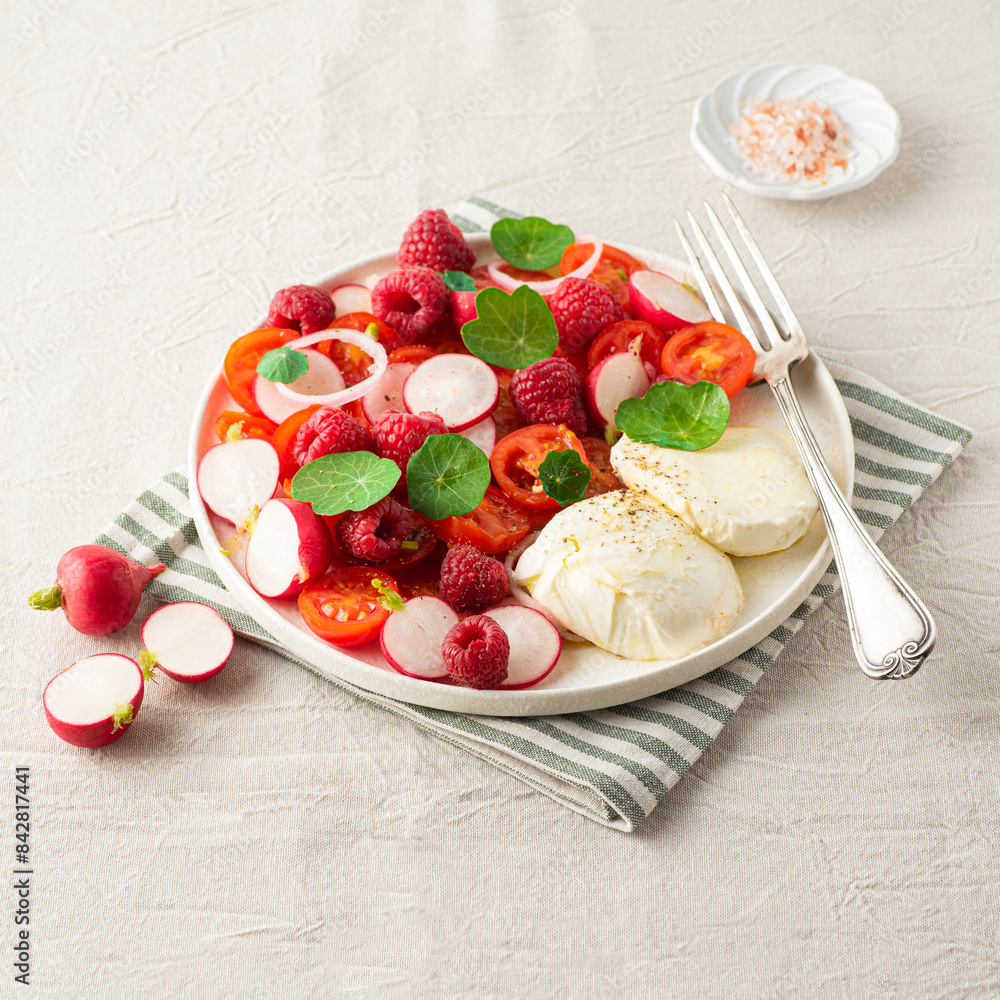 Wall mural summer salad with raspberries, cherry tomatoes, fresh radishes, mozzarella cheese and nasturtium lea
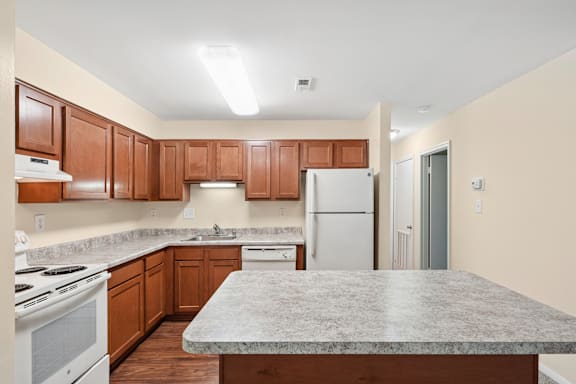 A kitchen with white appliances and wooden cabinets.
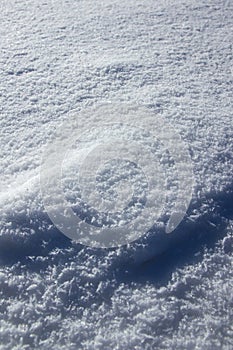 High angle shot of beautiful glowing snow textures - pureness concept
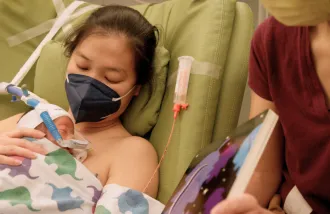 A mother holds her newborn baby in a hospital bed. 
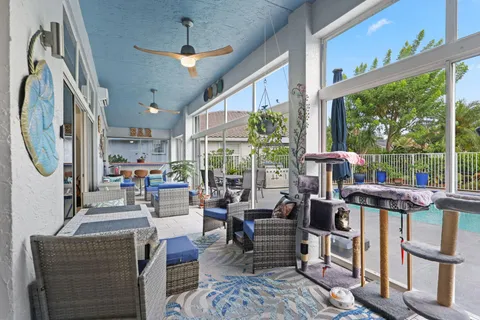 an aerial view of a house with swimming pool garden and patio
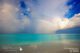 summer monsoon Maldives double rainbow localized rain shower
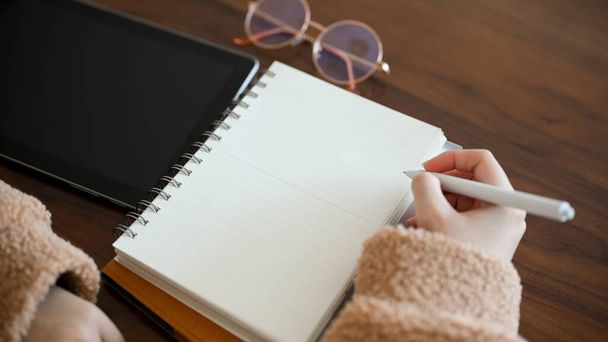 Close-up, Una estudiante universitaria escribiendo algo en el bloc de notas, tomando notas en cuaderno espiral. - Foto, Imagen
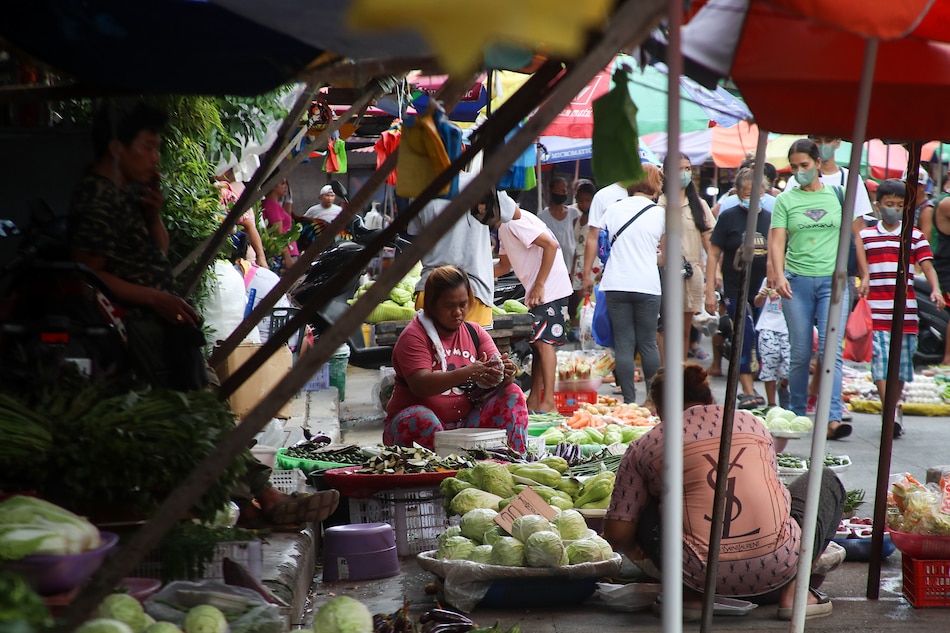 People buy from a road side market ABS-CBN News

* * * *

• **EXERCISE**
Begin at the top of the material above and output each line exactly, stopping after the line that holds "A mother holds". Leave out pictures.

• **SOLUTION TO THE PROBLEM**
 Wall mural summer salad with raspberries, cherry tomatoes, fresh radishes, mozzarella cheese and nasturtium lea
 A kitchen with white appliances and wooden cabinets.
 High angle shot of beautiful glowing snow textures - pureness concept
 A mother holds her newborn baby in a hospital bed. 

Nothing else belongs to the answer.